"I don't think my mother will die today." You have to have some admiration for an author who begins a story with such a wonderful inversion of Camus' famous opening to THE STRANGER, even though he soon moves into a clotted dystopia of alienation that makes Camus seem almost cheerful. This particular story, though, "Watching Mysteries With My Mother," is almost normal: a meditation on death (and English mystery series on PBS) that only gradually replaces empathy with detachment. It comes more or less in the middle of a collection of fifteen stories that are thoughtfully arranged, from sad but straightforward at the beginning to weird and still weirder towards the end.
All four stories in Part 1 have male sad-sack protagonists, out of shape, no longer young, unhappily married or divorced. Not cheerful reading. But I liked the second, "I Can Say Many Nice Things," about an professor teaching a fiction-writing class on a cruise ship. Marcus' skewering of the students and the pedagogical balancing act required of the professor is so accurate that it made me laugh out loud; I should have treasured the moment, for it would not happen again. Part 2 contains a couple of stories in the form of interviews with sociologists doing work on childhood and hermit behavior respectively. The content is chilling, but the language is such a perfect parody of academic discourse in the social sciences that I have to quote it:
"The term 'adult' is problematic, I think, and it's too easy to say that my childwork is directly divisive to Matures, particularly Rigid or Bolted Matures. I may help accelerate a latent behavior, I may enable conflict vectors along the lines of the Michiganers, who fasted as a form of warfare, and I feign indifference to familial tension, but I think that success itself has been fetishized, and a certain nostalgia for growth has spoiled our thinking."

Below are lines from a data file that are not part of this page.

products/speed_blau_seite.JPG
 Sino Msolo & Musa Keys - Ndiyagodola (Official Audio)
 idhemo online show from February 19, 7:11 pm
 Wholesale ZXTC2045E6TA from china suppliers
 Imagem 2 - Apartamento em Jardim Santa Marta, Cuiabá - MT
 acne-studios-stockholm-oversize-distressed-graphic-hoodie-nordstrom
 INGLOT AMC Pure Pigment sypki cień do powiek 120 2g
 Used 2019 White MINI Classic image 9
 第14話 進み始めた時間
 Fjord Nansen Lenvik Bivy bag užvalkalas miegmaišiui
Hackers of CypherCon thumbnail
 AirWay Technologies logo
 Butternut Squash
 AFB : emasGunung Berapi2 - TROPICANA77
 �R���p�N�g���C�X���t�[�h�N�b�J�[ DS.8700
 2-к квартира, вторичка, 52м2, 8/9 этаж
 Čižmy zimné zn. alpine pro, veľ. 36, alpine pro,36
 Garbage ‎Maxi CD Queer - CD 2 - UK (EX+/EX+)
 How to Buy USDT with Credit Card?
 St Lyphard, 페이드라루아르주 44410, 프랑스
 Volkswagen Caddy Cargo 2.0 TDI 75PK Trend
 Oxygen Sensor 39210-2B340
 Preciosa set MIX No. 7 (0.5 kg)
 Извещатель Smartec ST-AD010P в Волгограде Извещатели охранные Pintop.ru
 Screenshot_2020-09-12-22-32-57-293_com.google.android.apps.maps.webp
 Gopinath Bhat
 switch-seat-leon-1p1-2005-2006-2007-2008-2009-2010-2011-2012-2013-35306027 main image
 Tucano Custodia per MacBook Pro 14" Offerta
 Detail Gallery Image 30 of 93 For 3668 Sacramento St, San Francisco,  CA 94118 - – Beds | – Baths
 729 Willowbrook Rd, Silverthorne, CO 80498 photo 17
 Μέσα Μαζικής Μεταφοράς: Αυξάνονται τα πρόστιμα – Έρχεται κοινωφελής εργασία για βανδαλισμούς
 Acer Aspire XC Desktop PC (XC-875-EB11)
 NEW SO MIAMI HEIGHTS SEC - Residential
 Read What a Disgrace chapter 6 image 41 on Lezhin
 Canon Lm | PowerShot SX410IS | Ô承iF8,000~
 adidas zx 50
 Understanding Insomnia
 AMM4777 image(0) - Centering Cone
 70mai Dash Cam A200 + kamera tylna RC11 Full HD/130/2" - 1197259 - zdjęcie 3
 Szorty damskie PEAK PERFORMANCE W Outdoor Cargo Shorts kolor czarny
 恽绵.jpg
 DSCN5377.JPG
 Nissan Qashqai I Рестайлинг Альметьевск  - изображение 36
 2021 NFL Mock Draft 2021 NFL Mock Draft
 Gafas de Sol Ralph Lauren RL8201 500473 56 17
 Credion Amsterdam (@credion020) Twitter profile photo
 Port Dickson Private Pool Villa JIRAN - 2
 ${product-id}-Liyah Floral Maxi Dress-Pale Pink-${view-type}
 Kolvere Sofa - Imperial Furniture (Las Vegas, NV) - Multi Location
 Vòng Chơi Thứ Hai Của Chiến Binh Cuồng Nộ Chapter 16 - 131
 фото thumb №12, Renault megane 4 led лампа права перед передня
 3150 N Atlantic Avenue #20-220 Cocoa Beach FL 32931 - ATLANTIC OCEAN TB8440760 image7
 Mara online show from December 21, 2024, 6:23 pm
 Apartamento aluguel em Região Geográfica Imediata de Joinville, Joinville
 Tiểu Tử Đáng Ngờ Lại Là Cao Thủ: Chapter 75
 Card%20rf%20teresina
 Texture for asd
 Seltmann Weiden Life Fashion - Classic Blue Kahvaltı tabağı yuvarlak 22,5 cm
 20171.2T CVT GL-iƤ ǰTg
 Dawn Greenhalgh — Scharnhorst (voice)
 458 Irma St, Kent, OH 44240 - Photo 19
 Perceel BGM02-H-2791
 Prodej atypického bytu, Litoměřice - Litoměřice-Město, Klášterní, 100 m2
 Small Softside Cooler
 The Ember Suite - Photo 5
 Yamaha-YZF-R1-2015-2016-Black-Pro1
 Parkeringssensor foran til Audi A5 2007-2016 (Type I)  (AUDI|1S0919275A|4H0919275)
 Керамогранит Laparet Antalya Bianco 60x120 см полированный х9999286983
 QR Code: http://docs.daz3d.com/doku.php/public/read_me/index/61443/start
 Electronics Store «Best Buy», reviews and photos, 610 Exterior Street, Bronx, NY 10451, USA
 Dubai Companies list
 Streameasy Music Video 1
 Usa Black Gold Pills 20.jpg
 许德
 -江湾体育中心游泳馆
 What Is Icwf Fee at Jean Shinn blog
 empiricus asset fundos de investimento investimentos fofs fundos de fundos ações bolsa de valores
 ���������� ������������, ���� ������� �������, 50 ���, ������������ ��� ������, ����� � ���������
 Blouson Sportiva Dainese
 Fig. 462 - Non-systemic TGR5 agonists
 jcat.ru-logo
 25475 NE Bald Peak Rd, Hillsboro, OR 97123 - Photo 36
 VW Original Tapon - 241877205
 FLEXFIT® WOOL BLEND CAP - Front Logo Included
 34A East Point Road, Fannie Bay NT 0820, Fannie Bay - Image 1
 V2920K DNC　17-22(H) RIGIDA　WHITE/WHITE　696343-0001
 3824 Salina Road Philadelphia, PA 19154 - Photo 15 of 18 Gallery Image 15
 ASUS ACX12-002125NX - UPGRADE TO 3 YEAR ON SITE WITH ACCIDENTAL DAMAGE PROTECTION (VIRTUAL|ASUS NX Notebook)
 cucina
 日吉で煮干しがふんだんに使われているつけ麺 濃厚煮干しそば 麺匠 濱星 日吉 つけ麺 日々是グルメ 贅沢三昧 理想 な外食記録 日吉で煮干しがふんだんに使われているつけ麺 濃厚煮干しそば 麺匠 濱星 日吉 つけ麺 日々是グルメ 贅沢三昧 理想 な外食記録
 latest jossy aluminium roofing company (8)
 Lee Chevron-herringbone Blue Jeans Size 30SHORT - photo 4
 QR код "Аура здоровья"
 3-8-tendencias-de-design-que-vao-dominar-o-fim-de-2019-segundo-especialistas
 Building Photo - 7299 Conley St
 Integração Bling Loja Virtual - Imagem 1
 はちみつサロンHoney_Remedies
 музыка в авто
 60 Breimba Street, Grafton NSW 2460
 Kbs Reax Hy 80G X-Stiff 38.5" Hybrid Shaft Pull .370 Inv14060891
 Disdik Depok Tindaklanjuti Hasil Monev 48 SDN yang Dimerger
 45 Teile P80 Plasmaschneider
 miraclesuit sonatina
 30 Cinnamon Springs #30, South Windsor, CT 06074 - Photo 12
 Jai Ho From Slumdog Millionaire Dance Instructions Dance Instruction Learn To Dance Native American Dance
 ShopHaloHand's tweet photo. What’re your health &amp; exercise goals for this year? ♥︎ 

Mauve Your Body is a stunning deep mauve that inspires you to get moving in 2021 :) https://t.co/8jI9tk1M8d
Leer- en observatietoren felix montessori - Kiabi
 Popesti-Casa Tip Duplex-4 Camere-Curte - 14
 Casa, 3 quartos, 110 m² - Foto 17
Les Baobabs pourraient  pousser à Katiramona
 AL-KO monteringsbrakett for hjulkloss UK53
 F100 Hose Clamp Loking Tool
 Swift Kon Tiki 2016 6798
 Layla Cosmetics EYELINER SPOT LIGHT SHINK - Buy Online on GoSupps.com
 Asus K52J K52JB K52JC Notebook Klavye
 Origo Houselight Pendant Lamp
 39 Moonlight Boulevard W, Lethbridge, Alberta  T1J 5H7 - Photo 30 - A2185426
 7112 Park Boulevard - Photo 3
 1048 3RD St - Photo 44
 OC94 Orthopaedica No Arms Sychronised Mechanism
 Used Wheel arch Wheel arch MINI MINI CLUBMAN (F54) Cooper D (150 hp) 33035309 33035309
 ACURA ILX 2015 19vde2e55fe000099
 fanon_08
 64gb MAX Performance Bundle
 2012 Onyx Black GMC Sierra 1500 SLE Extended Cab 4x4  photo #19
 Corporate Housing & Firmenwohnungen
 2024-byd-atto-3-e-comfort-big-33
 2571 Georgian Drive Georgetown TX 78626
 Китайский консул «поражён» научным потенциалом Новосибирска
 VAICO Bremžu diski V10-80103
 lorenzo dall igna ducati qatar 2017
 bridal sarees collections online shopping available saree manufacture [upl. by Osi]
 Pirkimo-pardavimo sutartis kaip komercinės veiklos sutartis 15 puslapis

Better buckle up, for similar diction will recur in many of the later stories. Much as in Ben Marcus' novel THE FLAME ALPHABET, they move towards totalitarian or post-apocalyptic societies. In some, as in "The Loyalty Protocol," even normal interactions and family bonds are governed by community vigilantism whose standards the protagonist cannot fathom. In "The Father Costume," life on land has been replaced by rowing in small boats, and language has all but disappeared. In "First Love" and the other stories in Part 5, a primitive pseudo-science has taken over even the normal processes of feeling and expressing love. But "Leaving the Sea," the title story, is a tour-de-force: six pages of increasing madness in a single run-on period, breaking down with devastating effect at the very end into a stuttered gasp of staccato sentences.
Yes, Marcus is good -- for those that like him -- but I can't say I derived much enjoyment myself. But I was pleased when the last story of all, "The Moors," about a man ("fat Thomas the sadness machine") lusting after a colleague in his office, returned to at least some semblance of the real world, linking neatly with the tales with which the collection opened.